Şu anda Haliçport projesi nedeniyle Haliç Tersaneleri gündemde. Haliç Tersaneleri çok eski, 600 yıla yaklaşan bir geçmişi var; 19. yy başlarında Robert Fulton’un buharlı gemi teknolojisine göre dünyada ilk buharlı gemilerin yapıldığı tersanelerden bir tanesi. Amerika ve İngiltere’yle beraber Osmanlı İmparatorluğu, ilk üçten birisidir o dönemde. Çünkü Fulton, bu teknolojisini herkese pazarlayamıyor maalesef. Dünyada ilk buharlı gemi üretiminin yapıldığı tersanelerden birisidir; tersanenin tarihiyle ilgili çalışmalarda bunun maalesef atlandığını gördüm. Tersanenin en önemli özelliklerinden birisidir.
Dolayısıyla, daha önce söylediğim bir tespitin altını çiziyorum; Osmanlı İmparatorluğu ömrünü sanayileşemeden tamamlamıştı, ama bunun içerisinde İstanbul gibi önemli sanayi merkezleri vardı. 19. yüzyıl İstanbul’unu hep çok şairane, edebi bir şekilde, tam o dönemin ifadesiyle 'asude bir bahar ülkesi' olarak dile getiririz. Yani etrafında güzel mesire yerleri, yeşillikler, kırlar, çayırlar olan ve bu alanlarda çok romantik zamanların geçirildiği bir güzellikler diyarı, bir yeryüzü cenneti gibi anlatırız. Bu oldukça da doğrudur. Ancak burada göz ardı edilen bir şey var; o güzel çayırların hemen arkasında bir fabrika bacası muhtemelen vardı. Beykoz çayırının arkasında mesela kağıt fabrikası vardı. Dolayısıyla 19. yy İstanbul’u, yalnızca asude bir bahar ülkesi değildi; romantik bir yeryüzü cenneti değildi; aynı zamanda endüstriyel üretim yapılan bir sanayi kentiydi.
İşlevini yitirmiş ve değerlendirilmesi söz konusu olan sanayi yapıları nasıl bir kamusallık vaadeder?

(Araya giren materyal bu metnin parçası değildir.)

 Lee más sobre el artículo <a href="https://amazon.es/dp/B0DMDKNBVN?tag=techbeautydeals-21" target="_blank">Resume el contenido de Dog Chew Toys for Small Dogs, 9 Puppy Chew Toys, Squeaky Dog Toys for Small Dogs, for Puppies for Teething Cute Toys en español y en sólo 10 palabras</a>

Sanayi yapıları ve sanayi kompleksleri, işlevlerini yitirdikleri zaman kentsel açıdan kullanım için çok büyük fırsatlar sunar. Bir kere, geniş arazileri vardır. Bunların bir kısmı da şehir merkezlerine yakın, şehir içinde ya da şehrin hemen yakın çevresinde oldukları için, arazinin çok değerli olduğu yerlerde yeniden değerlendirilecek çok ciddi bir arazi stoku sunar bize. Bu açıdan önemlidirler; doğru değerlendirildiklerinde bir fırsattırlar. İkincisi, tek tek yapı olarak baktığımızda, özellikle üretim birimleri açısından dönemlerine göre geniş hacimli ve yüksek teknolojili yapılardır. Yüksek çatıları vardır, içeride geniş yekpare hacimler yer alır. Dolayısıyla özellikle geniş alan gerektiren kullanımlar için kolay kolay sahip olunamayacak mekanlar sunarlar. Bütün bunların ötesinde bu yapıların, dönemlerine ait bilim ve teknoloji düzeyiyle ilgili olarak da tartışılmaz bir temsiliyet ve gösterge özellikleri var. Yani dönemlerinin teknolojilerini çok iyi belgelerler. O açıdan işlevini yitirmiş endüstri komplekslerine, akşamdan rüyaya yatıp sabah hemen yeni bir fonksiyonla işlevlendirilecek bir kolaycılığa kaçılmaması gerekiyor. Çok ince etüdler yapılmalı. Uygun bir yerdeki boş bir arsa için hemen bir karar üretebilirsiniz; “Buraya alışveriş merkezi çok uygun olur” ya da “Havaalanına da yakın, hemen otel yapalım” dersiniz. Belki boş bir arazi için, birtakım yüzeysel gözlemlere dayanarak, daha kolay kararlar üretebilirsiniz. Ancak endüstri kompleksleri için kolaycılık tehlikelidir. Çünkü çok nadir rastlanabilecek bir fırsatı heba etmiş olursunuz.Sanayi alanlarının çevrelerinde gelişen yaşamla nasıl bir bağı vardır?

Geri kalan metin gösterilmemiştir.